On Aug. 18, the U.S. sued Teva over alleged kickbacks for its multiple sclerosis drug. The government is accusing Teva of boosting Copaxone sales through false claim submissions to Medicare. The Department of Justice said Teva paid charitable foundations over $300 million from 2006 to 2015 to cover co-payments. In doing so, it led to false claims. Teva said the lawsuit “only seeks to further restrict patients’ access to important medicines and healthcare.”

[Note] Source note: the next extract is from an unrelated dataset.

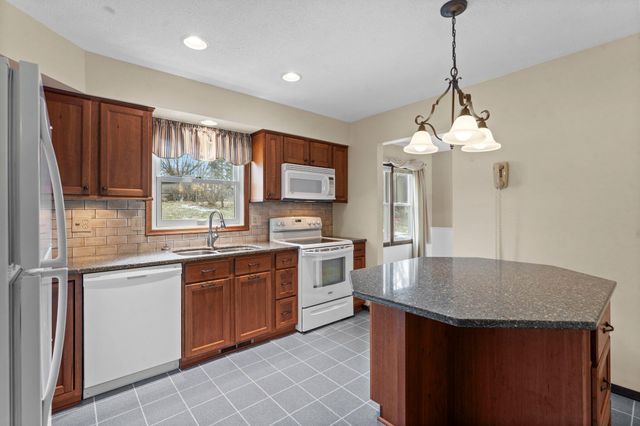 3170 Walnut Grove Lane N, Plymouth, MN 55447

Analysts are neutral on Teva’s prospects. Seven of the nine analysts have a “hold” rating and a $12.88 price target, on average (per Tipranks). Strong leadership under CEO Kare Schultz should put investors at ease. The executive has a good track record as he worked up the ranks at Novo Nordisk (NYSE:NVO). When he first joined Teva, he cut costs quickly. As his team grows sales, Teva stock will bounce back.
Newell Brands (NWL)
The last on this list of cheap stocks to buy is Newell. At a forward P/E of below 12 times, Newell Brands is a cheap stock. It also pays a dividend yield at close to 6%.
In the second quarter, Newell posted earnings of 30 cents a share. Revenue fell 14.9% Y/Y to $2.11 billion. The company highlighted top-line trend improvements. Operating cash flow improved $140 million compared to last year.
Newell has five operating segments: Appliances & Cookware, Commercial Solutions, Home Solutions, Learning & Development, and Outdoor & Recreation. In Q2, the Appliance and Cookware unit posted a 6.1% increase in core sales. Although revenue from the other units declined, Covid-19 disruptions hurt the business, especially in April.
The supply chain disruption resolution, rebound in retail as customers return, and improving demand patterns all suggest that Newell stock will rebound.
On the date of publication, Chris Lau owns shares of Ford.